A Jesús le gustaba también el símil del amor nupcial.  Varias veces nos habló del “banquete nupcial” (Mt. 22, 1-10) y 15, 1-13), y también del traje nupcial (Mt. 22, 11).  Así, pues, con estas bellas expresiones del amor nupcial, en las que Dios se define como “el Esposo” y en las que exige amor fiel a la esposa infiel, a la que perdona y vuelve a buscar, convenciéndola con su Amor celoso y magnánimo, que vuelva a ser fiel a El, no es casual que el primer milagro que Jesús realiza sea precisamente en una boda.

No sabemos el nombre, ni quiénes fueron los novios de Caná, aquéllos que sirvieron el mejor vino al final.  Pero sí sabemos Quién es el Esposo fiel a Quien todos debemos fidelidad y Quien nos busca y nos perdona, a pesar de nuestras infidelidades.  Se llama Dios.  Es nuestro Creador, el Esposo que nos posee con su Amor eterno.

Estaban Jesús y su Madre en esta boda.  Y es Ella quien lo convence -casi lo forza- a hacer el milagro de convertir agua en vino, para que los novios, a quienes se les había terminado el vino, no quedaran mal ante sus invitados.  Es lo que nos cuenta el Evangelio de hoy (Jn. 2, 1-11).

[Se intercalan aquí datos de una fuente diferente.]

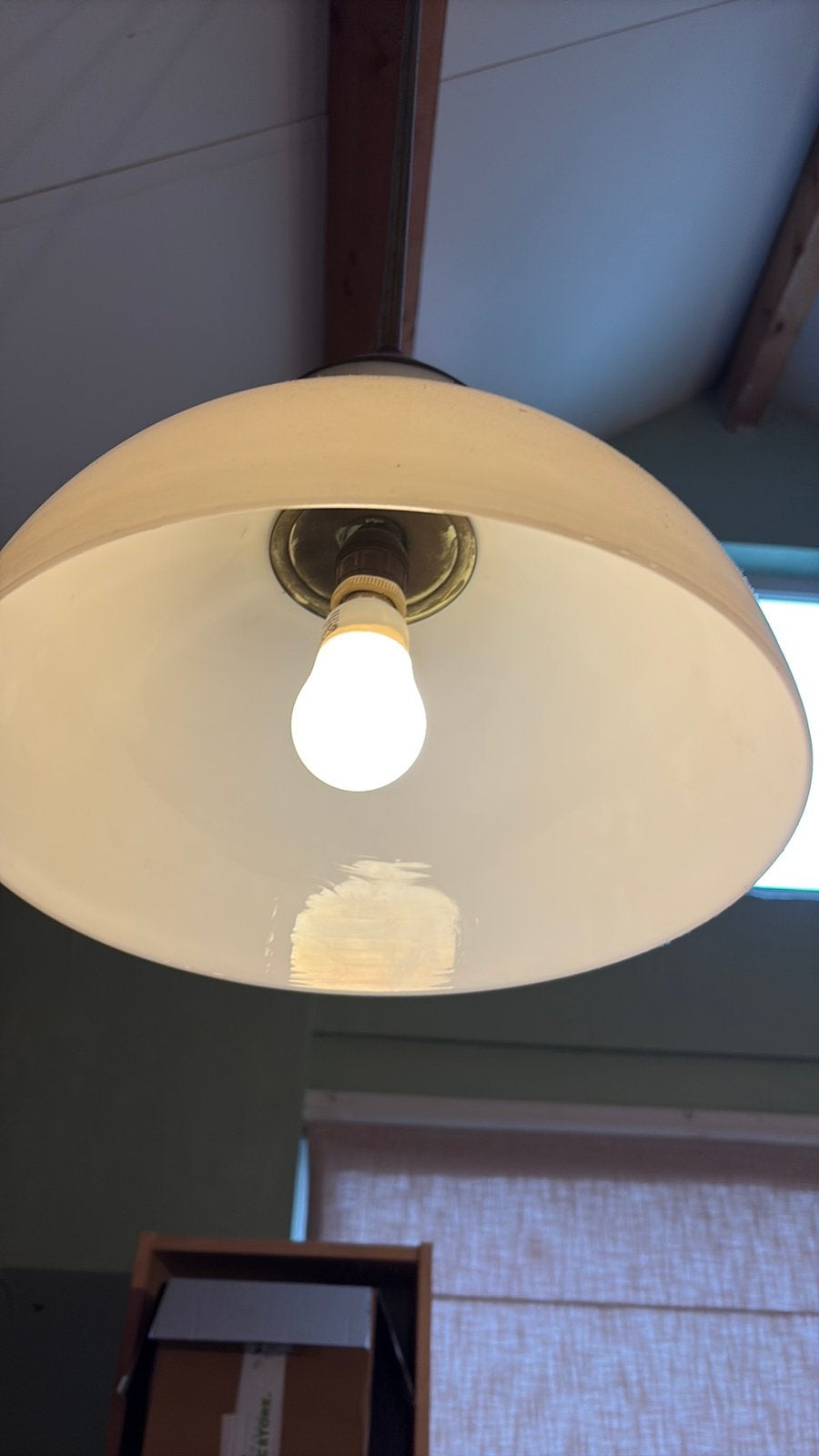 2 antieke hanglampen, Ophalen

Cosa aparentemente frívola y hasta poco importante:  más vino para una fiesta.  Pero esto nos indica que Dios y la Madre de Dios están pendientes hasta de los más insignificantes detalles de nuestra vida.  De todo se ocupan ... aunque nosotros creamos que somos nosotros mismos quienes resolvemos todo.


                                       



A simple vista parece como que Jesús le hubiera hecho un desplante a su Madre en las Bodas de Caná.  Cuando se acaba el vino, ella como que le sugiere que haga algo.  Y la respuesta del Hijo a su Madre parece ser un desplante:  "Mujer, ¿qué podemos hacer tú y yo? Todavía no llega mi hora" (Jn 1, 1-11).

¿Sería un desplante de verdad?  Y si lo hubiera sido, ¿por qué María parece no hacerle caso a Jesús, sino que le da órdenes a los sirvientes para preparar el milagro que su Hijo está a punto de realizar?

Es que no fue un desplante.  ¿Cómo que no?  ¿Si ni siquiera la llamó Madre o mamá, sino “Mujer”? Es que ahí en esa palabra, aparentemente dura, es que está el detalle.

Al decirle “Mujer”, la está reconociendo como la “Mujer”del Génesis, aquélla cuya descendencia aplastará la cabeza de la serpiente: “Pondré enemistad entre ti y la Mujer…” (Gn 3, 15).

Y “Mujer”es el mismo nombre que Jesús moribundo le da en la Cruz: “Mujer ahí tienes a tu hijo” (Jn 19, 26).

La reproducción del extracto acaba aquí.